# WORK TASK:
Reproduce the records below exactly, but leave their pictures out of the copy.

# DATASET CONTENT:
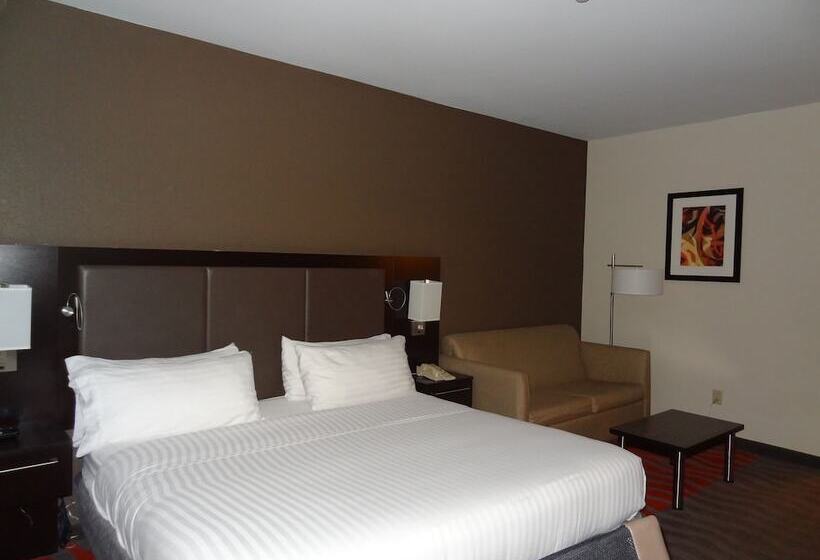 اتاق استاندارد, Holiday Inn Express  & Suites Columbus Southeast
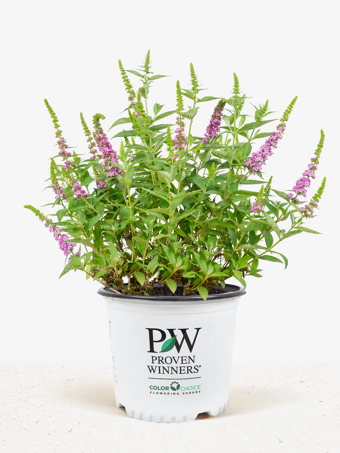 Lo & Behold® Pink Micro Chip Butterfly Bush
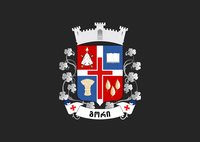 Gori Municipality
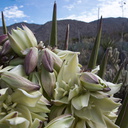 Yucca-schidigera-Mojave-yucca-Blair-Valley-pictographs-trail-Anza-Borrego-2012-03-11-IMG 0828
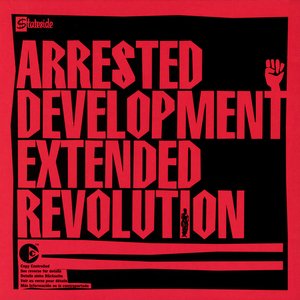 Extended Revolution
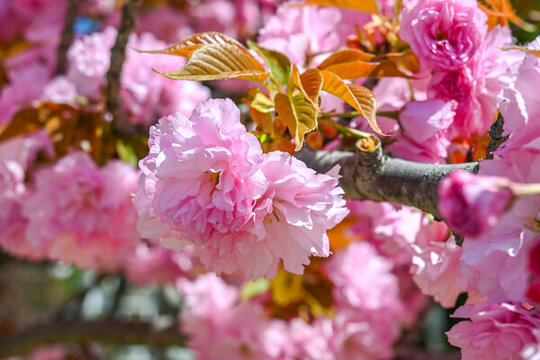 粉红色日本东京樱花在春日里盛开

# RESULT OF THIS EXERCISE:
 اتاق استاندارد, Holiday Inn Express  & Suites Columbus Southeast
 Lo & Behold® Pink Micro Chip Butterfly Bush
 Gori Municipality
 Yucca-schidigera-Mojave-yucca-Blair-Valley-pictographs-trail-Anza-Borrego-2012-03-11-IMG 0828
 Extended Revolution
 粉红色日本东京樱花在春日里盛开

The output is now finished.